Dann verfiel er aufs Filmemachen. Und ihn, Bohn, da legt er Wert drauf, dürfe man getrost als Feldwebel bezeichnen. Am Set wohlgemerkt. Wo Filmemachen ja wie Krieg sei. Bzw., um im Jargon von Regierung und Tageszeitungen zu bleiben: eine friedenssichernde Maßnahme.

Gibt es überhaupt nichts Nettes zum Straight Shooter zu sagen? Doch. Erstens wurde sich sichtlich bescheuert und ernsthaft Mühe mit der Optik gegeben. Das steht in krassem Gegensatz zu jener Komik, zu der sich hier die Schauspieler-Pflichtigen unfreiwillig gemeldet zu haben scheinen. Zweitens: In diesem Film spielen die Industriebrachen des Ruhrgebietes eine Rolle - sowas Echtes sieht man selten. Ein Zugewinn also für die heimische Kinolandschaft ist dieser Gewaltporno.

Woran erinnert das? An den Film Stalingrad von Joseph Vilsmaier. Warum? Erstens soll es die gleichnamige Stadt auch mal gegeben haben. Und zweitens ist der Film auch eine prima unfreiwillig produzierte Komödie. Vilsmaier, dem am Bildrand immer die Kulissen ausgehen, hat denn auch maßgeblich mit Straight Shooter zu tun: Er hat Thomas Bohns Kino-Plädoyer für den finalen Rettungsschuß produziert.
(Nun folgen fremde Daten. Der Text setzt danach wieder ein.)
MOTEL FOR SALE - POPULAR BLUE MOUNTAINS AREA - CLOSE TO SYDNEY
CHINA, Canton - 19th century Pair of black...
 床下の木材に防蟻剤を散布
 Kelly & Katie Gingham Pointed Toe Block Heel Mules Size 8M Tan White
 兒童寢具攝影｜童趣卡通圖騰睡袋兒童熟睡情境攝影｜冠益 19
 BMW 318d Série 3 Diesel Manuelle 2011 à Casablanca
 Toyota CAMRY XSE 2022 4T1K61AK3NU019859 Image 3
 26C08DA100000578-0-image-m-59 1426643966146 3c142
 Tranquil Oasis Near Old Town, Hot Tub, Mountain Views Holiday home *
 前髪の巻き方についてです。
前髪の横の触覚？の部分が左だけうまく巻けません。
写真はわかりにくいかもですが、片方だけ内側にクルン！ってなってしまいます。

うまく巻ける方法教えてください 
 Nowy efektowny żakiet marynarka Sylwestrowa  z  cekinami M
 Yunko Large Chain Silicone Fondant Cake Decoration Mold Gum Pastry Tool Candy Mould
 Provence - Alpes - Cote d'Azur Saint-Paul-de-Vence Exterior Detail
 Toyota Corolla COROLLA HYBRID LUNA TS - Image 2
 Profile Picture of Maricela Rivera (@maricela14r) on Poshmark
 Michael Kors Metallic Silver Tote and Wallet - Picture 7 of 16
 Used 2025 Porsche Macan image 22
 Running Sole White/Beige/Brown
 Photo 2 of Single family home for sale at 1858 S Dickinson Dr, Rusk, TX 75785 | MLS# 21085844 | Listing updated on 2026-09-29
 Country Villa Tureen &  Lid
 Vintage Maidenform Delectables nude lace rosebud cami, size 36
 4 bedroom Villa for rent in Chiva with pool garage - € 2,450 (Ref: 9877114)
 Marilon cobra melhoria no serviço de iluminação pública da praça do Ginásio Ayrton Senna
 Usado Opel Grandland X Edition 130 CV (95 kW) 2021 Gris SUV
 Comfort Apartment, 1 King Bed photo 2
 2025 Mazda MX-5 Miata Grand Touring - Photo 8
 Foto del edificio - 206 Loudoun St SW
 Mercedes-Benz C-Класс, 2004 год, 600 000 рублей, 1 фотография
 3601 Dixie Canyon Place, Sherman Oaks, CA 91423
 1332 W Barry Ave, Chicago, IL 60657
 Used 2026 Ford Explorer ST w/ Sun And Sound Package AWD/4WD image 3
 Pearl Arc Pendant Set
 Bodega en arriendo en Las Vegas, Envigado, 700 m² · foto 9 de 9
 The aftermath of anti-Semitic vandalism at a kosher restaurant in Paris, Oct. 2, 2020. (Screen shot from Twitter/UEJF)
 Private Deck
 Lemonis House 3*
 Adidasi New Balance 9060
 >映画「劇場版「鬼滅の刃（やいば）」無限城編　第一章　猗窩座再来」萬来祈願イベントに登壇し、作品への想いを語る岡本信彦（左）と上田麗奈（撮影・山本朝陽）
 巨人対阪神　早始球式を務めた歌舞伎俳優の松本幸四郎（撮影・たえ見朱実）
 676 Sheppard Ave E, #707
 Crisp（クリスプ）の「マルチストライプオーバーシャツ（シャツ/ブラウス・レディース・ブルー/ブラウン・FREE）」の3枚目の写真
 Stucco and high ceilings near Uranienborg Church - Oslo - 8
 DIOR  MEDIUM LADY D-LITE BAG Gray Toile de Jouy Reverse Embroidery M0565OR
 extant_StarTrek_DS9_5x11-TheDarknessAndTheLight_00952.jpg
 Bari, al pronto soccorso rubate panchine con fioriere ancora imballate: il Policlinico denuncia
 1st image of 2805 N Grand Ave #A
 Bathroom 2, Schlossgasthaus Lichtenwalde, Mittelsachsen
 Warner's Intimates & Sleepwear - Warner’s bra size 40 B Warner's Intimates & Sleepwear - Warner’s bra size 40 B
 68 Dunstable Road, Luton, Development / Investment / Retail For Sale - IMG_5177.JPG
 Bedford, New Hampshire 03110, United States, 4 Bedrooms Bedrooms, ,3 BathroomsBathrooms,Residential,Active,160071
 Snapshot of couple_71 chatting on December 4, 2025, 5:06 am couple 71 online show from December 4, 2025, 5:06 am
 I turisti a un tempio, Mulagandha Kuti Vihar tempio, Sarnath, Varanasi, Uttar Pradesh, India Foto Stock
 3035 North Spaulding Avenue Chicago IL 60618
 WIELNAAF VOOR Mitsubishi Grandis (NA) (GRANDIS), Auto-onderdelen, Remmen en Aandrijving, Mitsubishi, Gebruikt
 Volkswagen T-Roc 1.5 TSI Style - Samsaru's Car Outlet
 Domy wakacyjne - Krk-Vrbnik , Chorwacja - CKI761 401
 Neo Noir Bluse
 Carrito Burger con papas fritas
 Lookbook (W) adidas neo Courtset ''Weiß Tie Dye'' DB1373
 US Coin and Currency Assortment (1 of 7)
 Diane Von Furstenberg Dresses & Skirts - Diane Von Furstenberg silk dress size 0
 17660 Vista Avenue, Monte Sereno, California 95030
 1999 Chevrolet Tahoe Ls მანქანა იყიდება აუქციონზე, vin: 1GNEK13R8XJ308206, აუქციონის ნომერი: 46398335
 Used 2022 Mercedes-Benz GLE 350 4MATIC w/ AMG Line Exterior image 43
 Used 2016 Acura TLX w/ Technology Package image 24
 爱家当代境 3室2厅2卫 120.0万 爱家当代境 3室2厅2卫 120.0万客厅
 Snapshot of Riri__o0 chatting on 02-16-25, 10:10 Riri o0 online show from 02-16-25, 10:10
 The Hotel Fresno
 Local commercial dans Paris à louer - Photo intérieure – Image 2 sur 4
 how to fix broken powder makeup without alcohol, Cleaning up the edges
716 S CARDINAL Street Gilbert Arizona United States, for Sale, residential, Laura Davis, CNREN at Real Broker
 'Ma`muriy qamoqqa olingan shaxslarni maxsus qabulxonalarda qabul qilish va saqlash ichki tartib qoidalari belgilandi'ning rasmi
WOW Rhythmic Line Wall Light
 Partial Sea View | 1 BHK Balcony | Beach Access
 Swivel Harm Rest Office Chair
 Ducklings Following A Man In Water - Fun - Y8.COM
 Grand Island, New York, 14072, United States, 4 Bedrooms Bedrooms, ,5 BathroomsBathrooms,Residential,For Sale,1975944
»Wir haben alle Scheiße gebaut. Die Politik, die Wirtschaft, ich und deshalb auch sie«, läßt Bohn seinen Staatssekretär Paufler sagen. Welcher Film bringt schon so dezidiert seine eigene Filmkritik mit? Und: Wäre es überhaupt gut, wenn deutsche Filme besser als dieser wären? Dann würde es am Ende noch Oscars geben. Nein. Dafür müßten die deutschen Truppen Hollywood ausbomben. Das wäre ja - wie im Kosovo! Wie im Fernsehen!